What Is Pectus Excavatum Surgery and How Does It Work?

Pectus excavatum, often called “sunken chest” or “funnel chest,” is a congenital chest wall deformity. The breastbone (sternum) and attached ribs grow abnormally inward, creating a noticeable indentation in the chest. This condition is the most common congenital chest wall abnormality and occurs more frequently in males. Although present from birth, the deformity often becomes more pronounced during adolescent growth spurts. Surgery is typically considered the definitive treatment for patients with moderate to severe cases.

The Need for Correction

Surgical correction is not always necessary, and mild cases of pectus excavatum are often monitored without intervention. The decision to proceed with an operation hinges on a combination of functional, physical, and psychological factors. One primary tool for evaluating the deformity’s severity and functional impact is the Haller Index.

The Haller Index is a ratio calculated from a cross-sectional image, such as a CT scan. It divides the chest’s transverse width by its anterior-posterior depth at the point of greatest indentation. An index of 3.25 or greater is considered severe enough to warrant surgical consideration. This severe indentation can compress the heart and lungs, causing symptoms like shortness of breath, decreased exercise tolerance, chest pain, and heart palpitations. Psychosocial distress and body-image concerns, particularly in adolescents, are also important criteria for surgical correction.

The Primary Surgical Approaches

Two main techniques are used for surgical repair: the minimally invasive repair, known as the Nuss procedure, and the open repair, called the modified Ravitch procedure. The Nuss procedure is often the preferred method, particularly for younger patients with a flexible chest wall. This minimally invasive approach involves making two small incisions on the sides of the chest, through which a pre-contoured metal bar is inserted.

The surgeon uses a small camera, or thoracoscope, to guide the bar beneath the breastbone. Once positioned, the bar is flipped, using its curvature to immediately push the sunken sternum outward into a corrected position. The bar is then secured to the ribs or chest wall with stabilizers to prevent shifting. This hardware remains in place for two to three years, allowing the chest wall to remodel and solidify in the new shape.

The modified Ravitch procedure is an older, open surgery involving a larger incision across the chest. This technique is reserved for older patients, those with a rigid or complex deformity, or cases where the Nuss procedure has failed. During the operation, the surgeon removes the deformed costal cartilage connecting the ribs to the sternum.
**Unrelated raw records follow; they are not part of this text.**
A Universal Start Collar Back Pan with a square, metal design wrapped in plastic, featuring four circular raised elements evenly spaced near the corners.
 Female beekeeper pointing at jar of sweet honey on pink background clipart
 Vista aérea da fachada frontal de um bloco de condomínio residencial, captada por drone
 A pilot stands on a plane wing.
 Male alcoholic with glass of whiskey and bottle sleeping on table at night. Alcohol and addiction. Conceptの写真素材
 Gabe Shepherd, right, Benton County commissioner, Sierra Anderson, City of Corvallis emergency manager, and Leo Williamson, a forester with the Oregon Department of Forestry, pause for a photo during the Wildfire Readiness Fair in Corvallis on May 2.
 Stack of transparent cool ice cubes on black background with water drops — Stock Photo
After cartilage removal, a wedge-shaped cut (osteotomy) may be performed on the sternum to increase flexibility and aid repositioning. The breastbone is then moved into position and temporarily stabilized with a small internal bar or plates. The pectoralis muscles are closed over the aligned chest, allowing natural cartilage to regenerate in the corrected position over the following weeks.

The Recovery Journey

The initial recovery period begins in the hospital, with a typical stay lasting three to five days. Effective pain management is a central focus, often involving intravenous medications, non-steroidal anti-inflammatory drugs, and regional techniques like nerve blocks. Cryoablation, the freezing of intercostal nerves, is also used during the Nuss procedure to reduce post-operative pain for several weeks.

Patients are encouraged to begin walking and performing deep-breathing exercises soon after surgery to aid in lung expansion and prevent complications. Strict physical restrictions are put in place for the first several weeks to ensure the correction remains stable and the hardware does not shift. Patients must avoid twisting or bending at the waist, log-rolling, and lifting anything heavier than 10 to 15 pounds for the first few months.

Most patients can return to school or light work within two to three weeks, but strenuous activities and contact sports are prohibited for at least six weeks. If the Nuss bar was placed, it is scheduled for removal as an outpatient procedure after the two-to-three-year period. The final outcome is a permanent correction of the chest wall deformity, leading to improved cardiopulmonary function and enhanced self-confidence.